The L.A. Dialogues (1) National Artist's Organization Event, Los Angeles, September, 1988

"Intimate Strangers"
The L.A. Dialogues (2) Powerhouse Theatre, Santa Monica, California, 1988

"Nature World: A Fertile Dialogue"
The L.A. Dialogues (3) for Highways Performance Space, Santa Monica, California, May 6th, 1989

Downtown Los Angeles, 1988


"Working alone together tonight"

Music: Low Volume Piano "Impromptu D89" by Franz Schubert

Peter: Good evening. This is Lin Osterhage, solo performance artist and author of "The Autobiography Reconstruction Project." She has been living and working in Los Angeles for six years. I'm out here, as a solo performance artist so that Lin could be more solo than if she were completely alone. If you know what I mean.

Lin: Hi. This is Peter Rose, not the baseball player, but the one The L.A. Weekly calls, "The wacky Jewish genius from New York."

P: I am Peter, solo performing artist. I work alone. I've been working alone for years. I work alone wherever I am. I recently moved to Los Angeles. I have a roommate. I live alone. I am working alone now. It's a pleasure to be up here working alone with you, Lin.

L&P: We decided to work alone together tonight!

L: Peter, how do you like living here in L.A. compared to living in NYC.

P: Well, there's a lot less to like about L.A. I like that.

L: I mean the street life there. The cappuccino bars, friends calling you up all the time, walking - don't you miss that?

P: If you mean all of my unresolved relationships, slew of
emotional entanglements and debts, I don't miss that at all.

L: But Peter, didn't you have a strong performance art following in New York.

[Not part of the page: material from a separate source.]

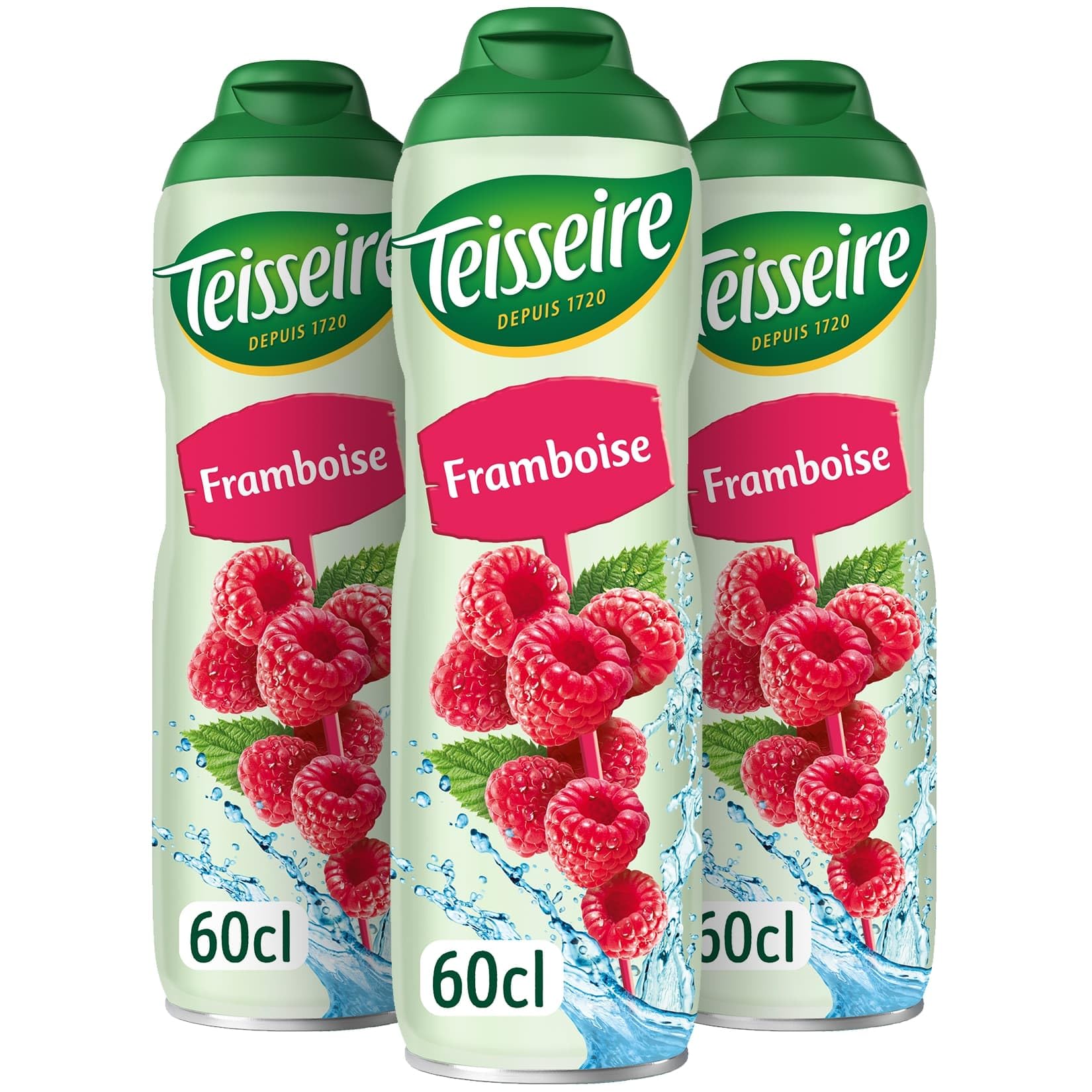Teisseire Getränke-Sirup Raspberry/Himbeer 600ml - Sirup der genauso schmeckt wie die Frucht (3er Pack)
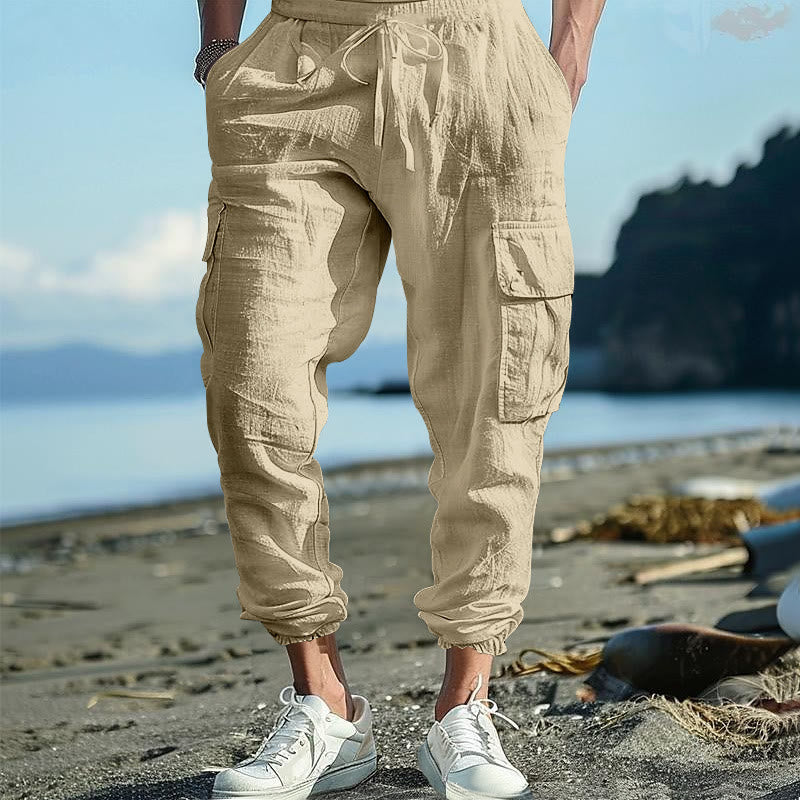 Buddha Stones Solid Color Linen Drawstring Men's Cargo Pants With Pockets - Wheat - US/UK/AU46,EU56 (3XL) - image 21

P: I had a tremendous following. You could say I had a powerful cult following. My advance sale reservation included people other than my family and people I owed money too.

L: W.O.W. (WOW)

P: That's because I had the ability to be in the moment. That made anything possible. Leaps of physicality and gesture, defying rational rhythms. Stark and fresh. Vulnerable and true.
I wanted to give of myself in performance-that unknown, to reveal my soul and light, alive beneath the surface of the story. The light on the screen of your projector. The audience, really no different from the performer, can see themselves again, for the first time, mediated by the human figure alive onstage.

What a moment, what a show.

L: Bravo, bravo!

P: Accolades followed my performances in NYC. There where whispers of glee and admiration. Sexual eye contact after the show. I could've taken a big grant. I rejected it. Government stuff. I thought it was intrusion. Besides, I could always borrow money from my aunt.

L: Sounds a lot like Grotowski stuff to me.

P: Borrowing money from my aunt?

L: No. Actors not acting. Rehearsal for the real thing.

P: You're right. It was Grotowski. That name has appeared
That name had appeared in bold face type on my resume for the past ten years. Fading with every Xerox I make.

L: Why did you move out here?

P: I wanted to get away from my family.

L: Does that mean you're not Jewish anymore?

P: No, Lin. I'm bi-coastal now. Judaism is not a demographic condition. Simply crossing state lines will not change my religion. In Los Angeles, I'm still Jewish.

L: I suppose you've looked around at the performance venues here. The locations, the availability and funding. Have you see
Any venues?

P: That are open?

L: Yes, that are open. Where we could work.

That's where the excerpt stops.